The "lucky" ones, some 120,000, have been able to escape to neighboring Chad, where aid agencies are at least allowed to try to feed the hungry, even though the rain will make this a logistical nightmare. Particularly worrisome is the fate of about one million refugees who are displaced inside Sudan. Many are held in concentration camps, where the jingaweit continue to "kill, rape and pillage," according to Human Rights Watch. International aid agencies are begging Khartoum for access to the region, but even those few supplies that are allowed into Darfur are often looted by the militia.

Commemorating the 10-year anniversary of the genocide in Rwanda just a few weeks ago, U.N. Secretary Kofi Annan, who so miserably failed the Tutsis back then, warned of another impending genocide in Sudan. But yet again, we see the same ineffective "international community" at work and once again the Bush administration is isolated, this time as it tries to raise international pressure on Khartoum.

U.S. officials talk of their frustration as the U.N. Commission on Human Rights refuses to condemn the Sudanese regime. But what can you expect from a commission that includes countries such as Cuba, Nigeria, Saudi Arabia and yes, also Sudan? When on May 4 Sudan was re-elected as a member of the Human Rights Commission, the American envoy was alone in walking out in protest, saying that the U.S. could not participate in this "absurdity."

On the U.N. Security Council, things don’t look much better. Veto-wielder China, which has major oil interests in Sudan and supplies the regime with arms, can always be trusted to come to Khartoum’s aid.

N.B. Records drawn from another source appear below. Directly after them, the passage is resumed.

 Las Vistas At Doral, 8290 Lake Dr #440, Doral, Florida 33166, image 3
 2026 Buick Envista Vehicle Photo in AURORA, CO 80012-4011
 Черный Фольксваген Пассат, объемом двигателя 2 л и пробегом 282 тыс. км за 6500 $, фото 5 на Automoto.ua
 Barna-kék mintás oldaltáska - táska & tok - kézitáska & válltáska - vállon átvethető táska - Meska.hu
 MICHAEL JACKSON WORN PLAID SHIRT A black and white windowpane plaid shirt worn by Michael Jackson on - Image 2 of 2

The same goes for the two Muslim countries currently serving on the Security Council, Pakistan and Algeria.

But even the Europeans have shown little interest in pressing the issue. They say "politicizing" Darfur could threaten a peace deal to end a separate conflict between the regime and rebels in the south. Given that the Bush administration has invested immense political capital in those peace talks, it strikes us as less than credible when Europe pretends to be more concerned about these negotiations than Washington. The U.S. is pressing for tougher action against Sudan precisely because of its concerns for the peace talks. If Khartoum can get away with ethnic cleansing in Darfur, what hope is there that the regime would uphold any peace deal with the south?

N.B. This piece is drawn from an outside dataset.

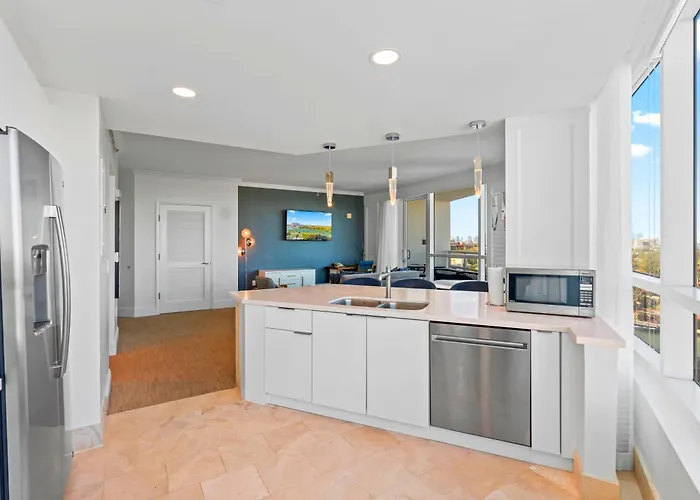 Luxury Condo At Tresor Miami Beach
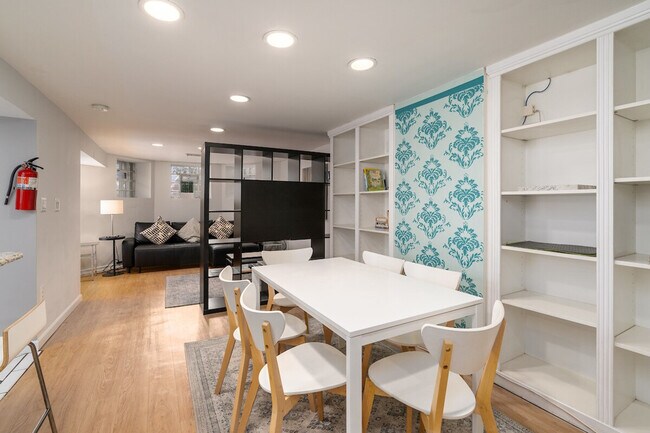 Building Photo - 2122 18th St NW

Khartoum knows that, already involved in two wars, the U.S. cannot also intervene militarily in Sudan. And with Europe not even being ready to use diplomatic pressure to stop the slaughter, Khartoum can safely continue its Lebensraum campaign for Arab tribesmen. It is the same scorched-earth policy Khartoum had practiced in its 20-year war against the South. An estimated two million people have died there as Africans were being butchered, raped, enslaved and starved to death. Khartoum only entered into peace negotiations because the Southern rebels had become too strong.

While the conflict with the south was one of Muslim Arabs against black Christians and Animists, the one in Darfur seems to be being fought along racial lines entirely. The black Africans in Darfur are Muslims as well, though they are mostly Sufists, followers of an Islamic sect the extremists in Khartoum might consider to be heretical. And yet we do not hear any outrage from the Muslim world or the Arab League about the slaughter of fellow Muslims. Khartoum doesn’t allow any press into the region, so we don’t have any pictures of Arab soldateska burning black Africans in their mosques or raping Muslim women.

But even if such pictures existed, they would probably be so gruesome as to trigger media self-censorship. So the images that "shock" the world right now are those Abu Ghraib pictures of embarrassed but largely unharmed Iraqis, abuses the U.S. army had been investigating long before the pictures made front-page news. As long as this double standard prevails, with the U.S. military being held to a high standard and the savages in Khartoum given a free pass, there isn’t much hope for the people of Darfur. And given the number of opinion leaders now saying it was wrong for the coalition powers to depose the butcher of Baghdad, one is tempted to wonder as well how much hope there is for the human race.